Rather than purchasing a traditional cluster, Varian Inc. was able to run this calculation using a cloud HPC cluster service on Amazon EC2 that helps companies run calculations easily and securely. The elastic cluster added nodes to run its calculations, and stopped the servers when there was no more work was left to compute. Utilizing a service to automate provisioning, security, encryption, administration and support made using the cluster cost-effective and easy to use. With the cloud HPC cluster, this six-week calculation ran in less than one day.

Applications for Life Sciences
For researchers in life sciences, including bioinformatics, proteomics and computational chemistry, these clusters can support all the applications that users expect on internal clusters with minimum effort required for installation. Both open source and proprietary software applications can be run in the cloud. Domain scientists can then have access to a full range of pre-installed domain appropriate tools. Pipelines for standard applications like Gromacs, Bowtie, Velvet, OMSSA, Tandem, HMMER, and BLAST, an algorithm for comparing primary biological sequence information such as the amino-acid sequences of different proteins or the nucleotides of DNA sequences, are some examples of applications that can be run in the cloud. These applications must generally be tuned to work optimally in the cloud, which has a more flexible architecture than fixed internal clusters.

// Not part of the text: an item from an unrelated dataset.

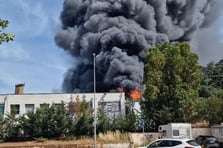 Roma'daki Tuscia Üniversitesi’nde çıkan yangın binanın tamamına yayıldı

As an example, Schrödinger, a leading supplier of molecular-simulation and computational-chemistry software to the pharmaceutical industry, made its Glide docking program available on the cloud. Glide is used for virtual screening, a process that determines potential drug candidates from a large database of compounds based upon their fit with a given target site.

Shortening Product Pipelines: 1.5 Years of Drug Target Screens in 1.5 Days
Molecular modeling and simulation are central to drug discovery, although they are often rate-limiting. Local computational resources are often insufficient to perform the massive burst-mode computations needed to bring a drug project forward in a timely fashion.

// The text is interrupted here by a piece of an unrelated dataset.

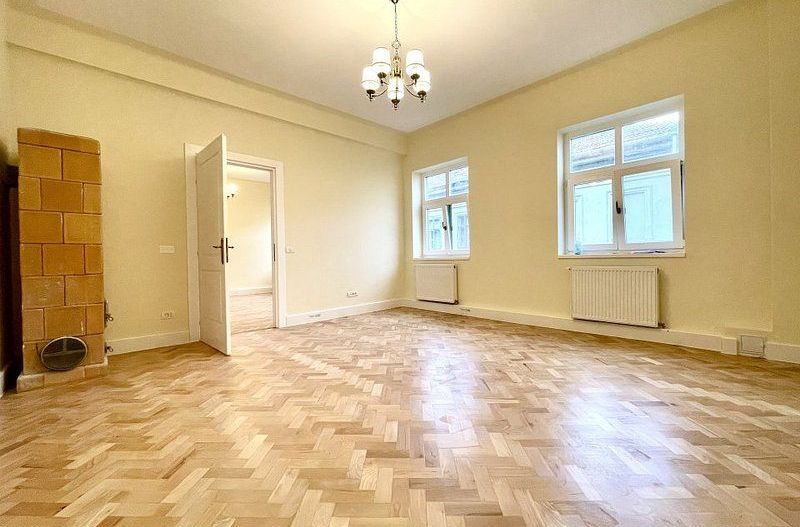 Recent renovat| Piața Unirii - lângă Tribunal - Poză 1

Recently Schrödinger decided to show how on-demand availability of large, secure and trouble-free cloud computational resources can fill this gap. As test data, it screened 1.8 million candidate compounds against a target site to find potential matches. Using a 600-processor cloud HPC cluster, 18 months worth of screening was completed in 36 hours.

Other Benefits: Audit, Disaster Recovery and Security
Cloud HPC clusters enable scientists to only consume calculations when they need them and pay for what they use. The scalability of the cloud allows them to size HPC clusters to their jobs to minimize the time to result. Storage in the cloud can get cheaper with economies of scale, not more expensive like traditional filers.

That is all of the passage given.